STORED DATA START
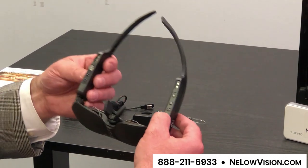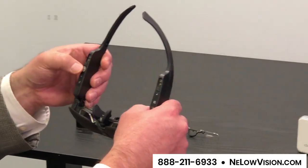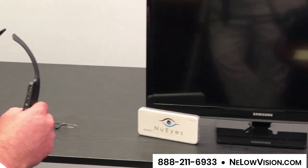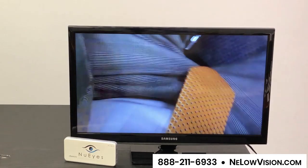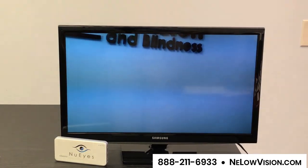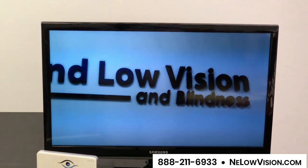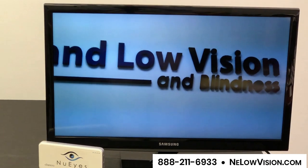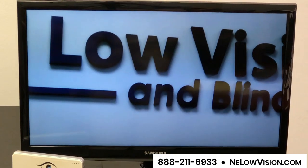So we'll put that on right now. What you'll see on the video is a monitor to my right, and everything that I'm going to be looking at with these glasses you'll see on the monitor. I mentioned before that you can control the magnification size by a button underneath, so we'll make the glasses bigger and make the glasses smaller.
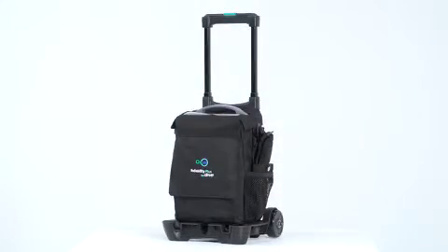It's one of the only units with a built-in dehumidifier, removing up to 80% of the air humidity, which is critical to protecting the internal components of an oxygen concentrator.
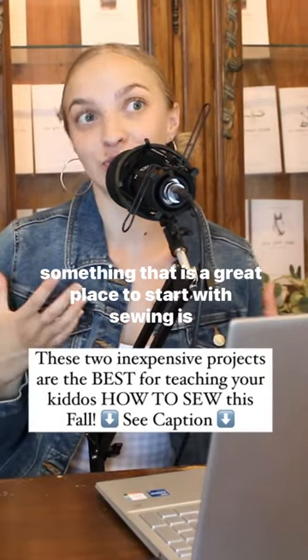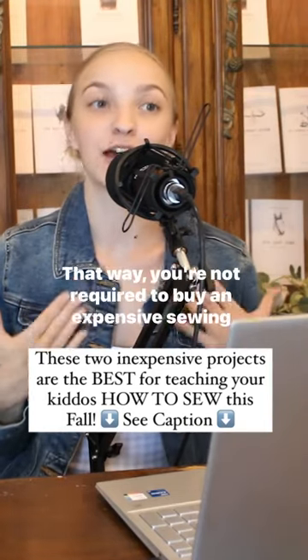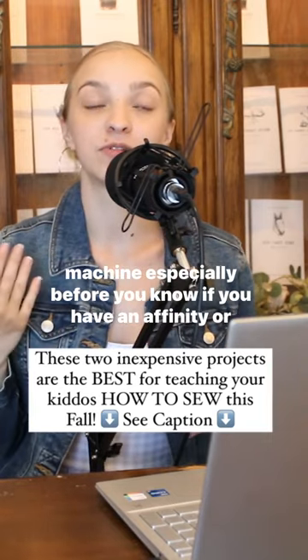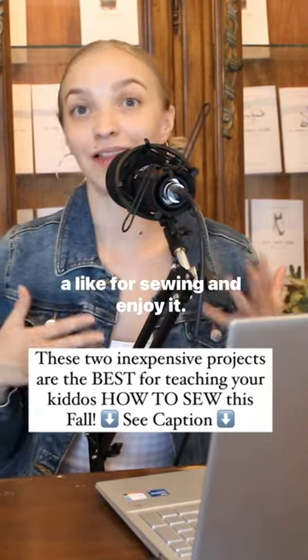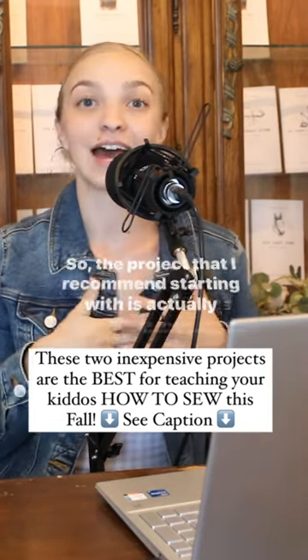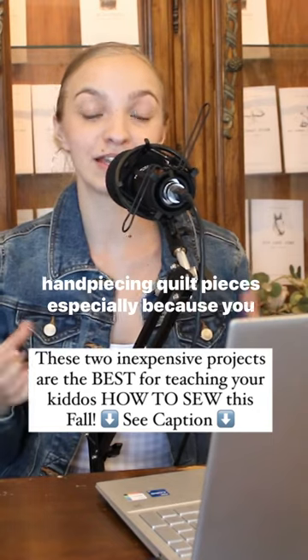Something that is a great place to start with sewing is actually hand sewing. That way you're not required to buy an expensive sewing machine, especially before you know if you have an affinity or a like for sewing and enjoy it. So the project that I recommend starting with is actually hand piecing quilt pieces, especially because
STORED DATA END
[YOUR TASK]: Would you please transcribe the listing in full, exactly, while omitting the images?

[ANSWER TO THIS PROBLEM]:
So we'll put that on right now. What you'll see on the video is a monitor to my right, and everything that I'm going to be looking at with these glasses you'll see on the monitor. I mentioned before that you can control the magnification size by a button underneath, so we'll make the glasses bigger and make the glasses smaller.
It's one of the only units with a built-in dehumidifier, removing up to 80% of the air humidity, which is critical to protecting the internal components of an oxygen concentrator.
Something that is a great place to start with sewing is actually hand sewing. That way you're not required to buy an expensive sewing machine, especially before you know if you have an affinity or a like for sewing and enjoy it. So the project that I recommend starting with is actually hand piecing quilt pieces, especially because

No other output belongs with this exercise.